Quindi lei è “affezionato” alla realtà, al vero?
Eh si, però è proprio il carattere delle cose che devono arrivare ad assomigliarsi. Io non penso che un articolo che scrivo sia meno importante di un libro; è più corto, più rapido ma non meno importante.
Una domanda sulla Grecia, siccome se ne parla nel libro. E’ stata la culla della democrazia ma attualmente ci sono problemi, difficoltà nel costituire il nuovo governo. Mi vuol dire qualcosa della Grecia?

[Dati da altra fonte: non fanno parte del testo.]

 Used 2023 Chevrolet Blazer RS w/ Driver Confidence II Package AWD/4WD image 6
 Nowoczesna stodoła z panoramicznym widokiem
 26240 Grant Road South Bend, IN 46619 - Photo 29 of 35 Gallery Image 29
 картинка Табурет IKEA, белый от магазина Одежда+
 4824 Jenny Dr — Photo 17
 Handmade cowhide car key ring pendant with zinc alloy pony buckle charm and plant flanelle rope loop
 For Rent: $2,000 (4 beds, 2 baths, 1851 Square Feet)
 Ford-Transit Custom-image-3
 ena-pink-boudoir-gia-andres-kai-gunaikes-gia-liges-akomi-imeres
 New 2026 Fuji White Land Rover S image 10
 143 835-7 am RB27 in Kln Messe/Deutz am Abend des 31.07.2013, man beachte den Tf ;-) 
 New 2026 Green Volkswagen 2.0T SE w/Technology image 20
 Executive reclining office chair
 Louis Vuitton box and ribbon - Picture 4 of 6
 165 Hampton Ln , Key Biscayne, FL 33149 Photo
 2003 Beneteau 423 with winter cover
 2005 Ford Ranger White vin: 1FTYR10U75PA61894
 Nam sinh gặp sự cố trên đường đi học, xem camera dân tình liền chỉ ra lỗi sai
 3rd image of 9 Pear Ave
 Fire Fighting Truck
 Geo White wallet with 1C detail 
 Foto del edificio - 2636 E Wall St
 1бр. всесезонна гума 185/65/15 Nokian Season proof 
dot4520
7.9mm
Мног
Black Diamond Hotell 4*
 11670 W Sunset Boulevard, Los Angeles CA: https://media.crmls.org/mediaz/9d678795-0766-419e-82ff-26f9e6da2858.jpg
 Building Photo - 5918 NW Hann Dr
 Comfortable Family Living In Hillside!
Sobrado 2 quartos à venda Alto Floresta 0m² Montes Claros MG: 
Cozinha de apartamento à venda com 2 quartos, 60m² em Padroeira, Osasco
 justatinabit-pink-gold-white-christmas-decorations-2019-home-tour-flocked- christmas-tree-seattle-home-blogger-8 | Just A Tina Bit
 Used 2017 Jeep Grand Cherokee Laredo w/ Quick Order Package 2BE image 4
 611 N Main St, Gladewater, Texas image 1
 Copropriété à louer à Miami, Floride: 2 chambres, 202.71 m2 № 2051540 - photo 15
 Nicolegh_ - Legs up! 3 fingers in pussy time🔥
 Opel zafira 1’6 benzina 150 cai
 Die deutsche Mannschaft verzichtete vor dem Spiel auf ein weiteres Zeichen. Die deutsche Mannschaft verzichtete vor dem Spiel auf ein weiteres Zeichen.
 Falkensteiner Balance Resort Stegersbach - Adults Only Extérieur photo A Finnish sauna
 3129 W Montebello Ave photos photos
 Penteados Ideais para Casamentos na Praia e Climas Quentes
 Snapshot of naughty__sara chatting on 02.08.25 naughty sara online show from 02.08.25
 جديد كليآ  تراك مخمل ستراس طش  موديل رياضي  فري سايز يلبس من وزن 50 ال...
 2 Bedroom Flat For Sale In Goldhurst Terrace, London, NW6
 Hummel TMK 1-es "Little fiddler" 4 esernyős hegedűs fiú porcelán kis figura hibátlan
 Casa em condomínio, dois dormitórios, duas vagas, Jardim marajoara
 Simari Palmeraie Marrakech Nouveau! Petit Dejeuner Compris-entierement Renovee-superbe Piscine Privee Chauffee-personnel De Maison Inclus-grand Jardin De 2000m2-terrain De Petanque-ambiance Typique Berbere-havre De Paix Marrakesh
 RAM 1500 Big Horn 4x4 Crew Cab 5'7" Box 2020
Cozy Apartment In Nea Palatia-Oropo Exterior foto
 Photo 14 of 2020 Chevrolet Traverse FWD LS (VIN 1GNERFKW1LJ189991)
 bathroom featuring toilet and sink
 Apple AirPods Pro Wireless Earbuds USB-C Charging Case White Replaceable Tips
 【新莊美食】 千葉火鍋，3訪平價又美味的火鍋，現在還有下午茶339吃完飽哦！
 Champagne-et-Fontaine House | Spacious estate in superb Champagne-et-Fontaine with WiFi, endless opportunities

Vede, questo mondo produce figure di imbecilli, politici manager, economisti che parassitano la struttura della realtà. Noi dovremmo liberarci di una decina di figure professionali che non servono a nulla. La Grecia è proprio un caso di mancanza di futuro artificiale, dovuto a semplici giochi economici senza nessun significato reale. E’ come un mondo non creato da nessuno. Le conseguenze economiche della crisi finanziaria sono insite nella crisi finanziaria stessa, ciò è un gioco assurdo che dovrebbe essere semplicemente abolito, cacciato dall’umanità. Il mio parere è che l’umanità si libererebbe proprio incendiando Wall Street. Non devono esistere le borse, allora esisterebbe un’economia reale, scambio produttivo di merci, di servizi.
Vuole dirci qualcosa sul libro “Qualcosa di scritto” (Ponte alle Grazie ed.)? Perché leggerlo?
Penso che sia abbastanza divertente, è la storia di un ragazzo che fa un apprendistato, le storie di apprendistato sono anche buffe, comiche, per cui, sì, un motivo può essere questo.